- _Work to complete_
Print only the lines from the one with "Wilde's 'Salome,' c1894." through the end of the data, exactly, and please omit pictures.

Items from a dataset
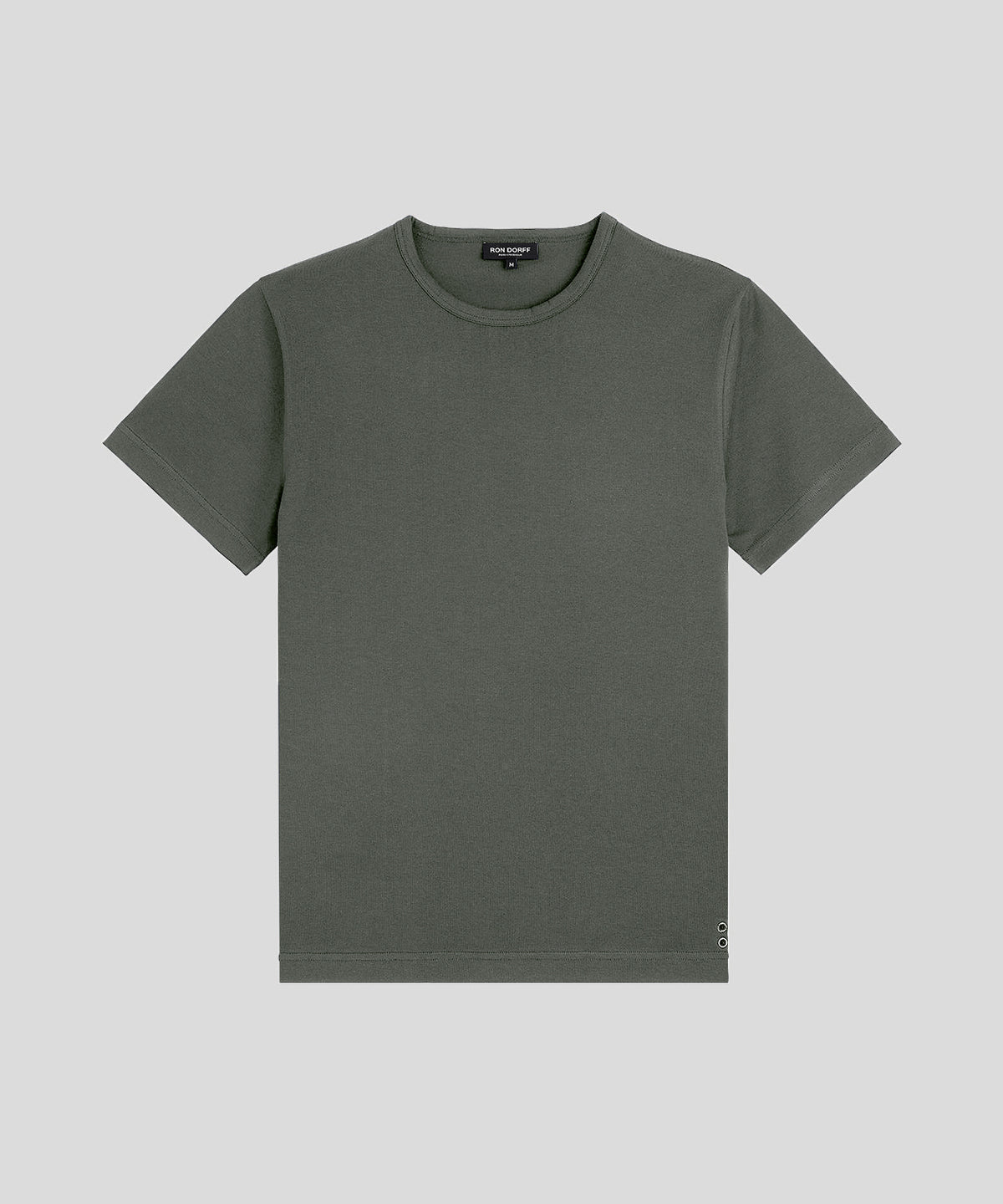 Crew Neck T-Shirt Eyelet Edition: Army Green
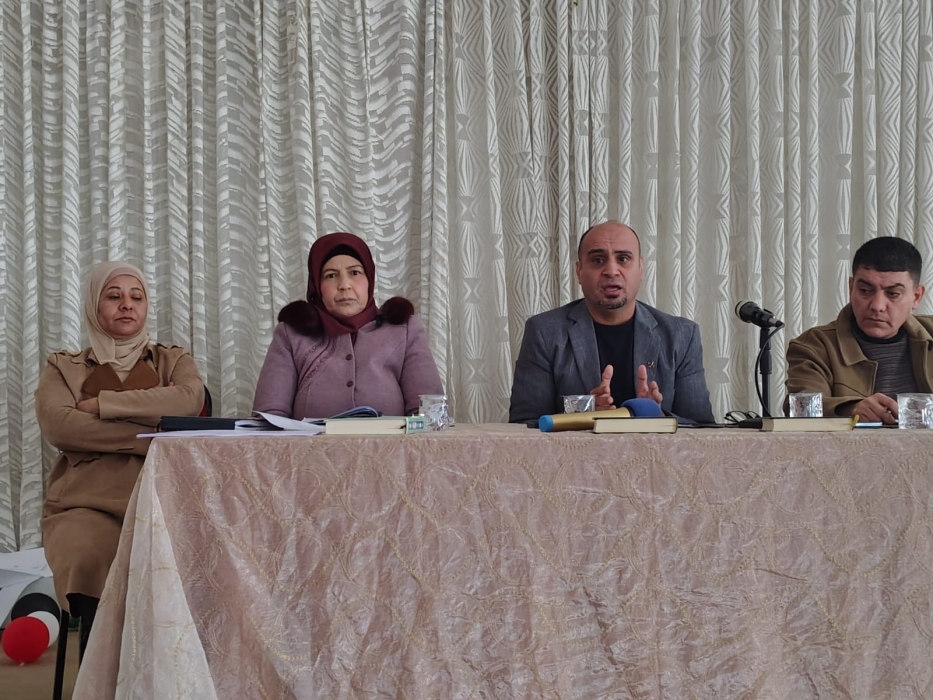 النعيمات  يجتمع بالمراقبين في الثانوية العامة الامتحان  التكميلي  ٢٠٢٤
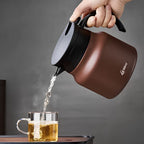 Insulated teapot with built-in infuser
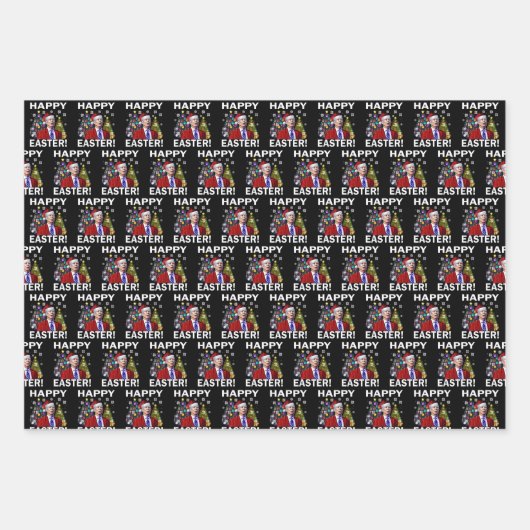 Happy Easter Joe Biden Inpakpapier Vel (Voorkant)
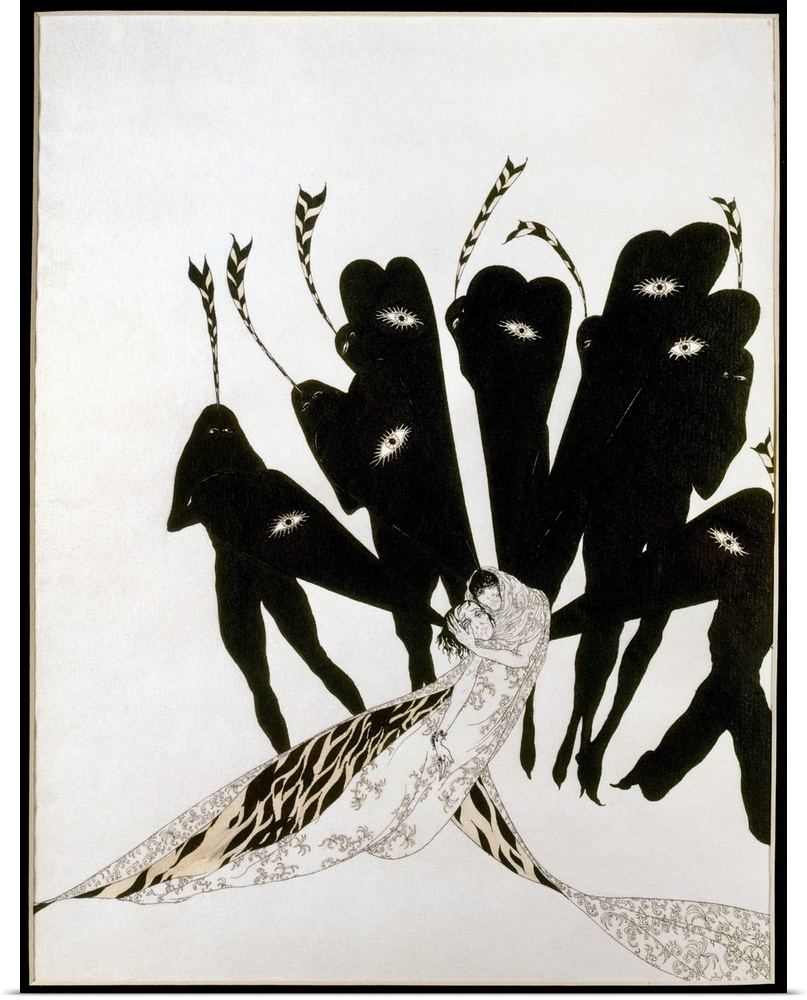'Death of Salome.' Pen-and-ink drawing by Aubrey Vincent Beardsley for Oscar Wilde's 'Salome,' c1894.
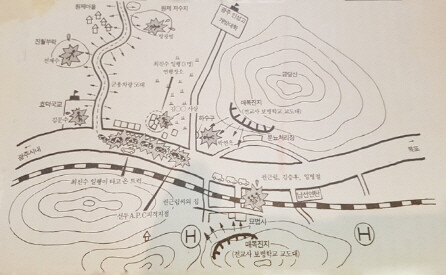 1989년 국회 광주진상조사특별위원회에 제출된 ‘송암동 양민학살 요도’. 최진수씨 제공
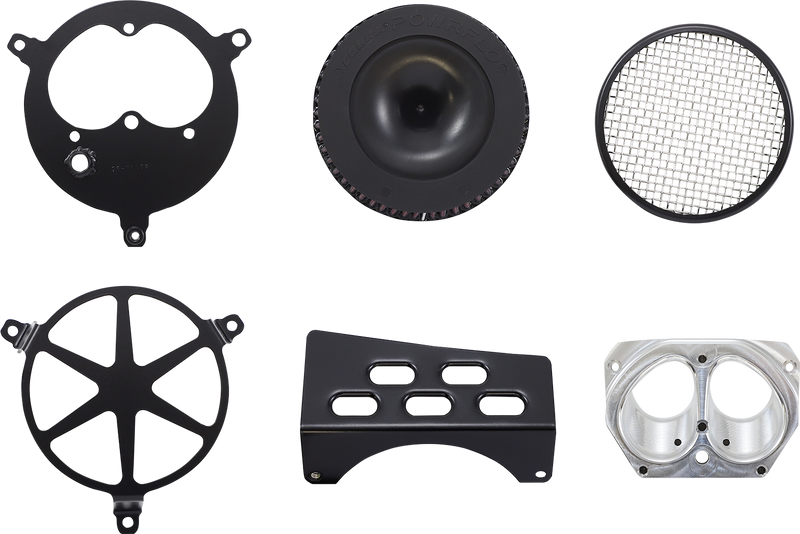 COBRA Spoke Air Filter - Black - Bolt 06-0267-04B-SB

- _Problem solution_
'Death of Salome.' Pen-and-ink drawing by Aubrey Vincent Beardsley for Oscar Wilde's 'Salome,' c1894.
 1989년 국회 광주진상조사특별위원회에 제출된 ‘송암동 양민학살 요도’. 최진수씨 제공
 COBRA Spoke Air Filter - Black - Bolt 06-0267-04B-SB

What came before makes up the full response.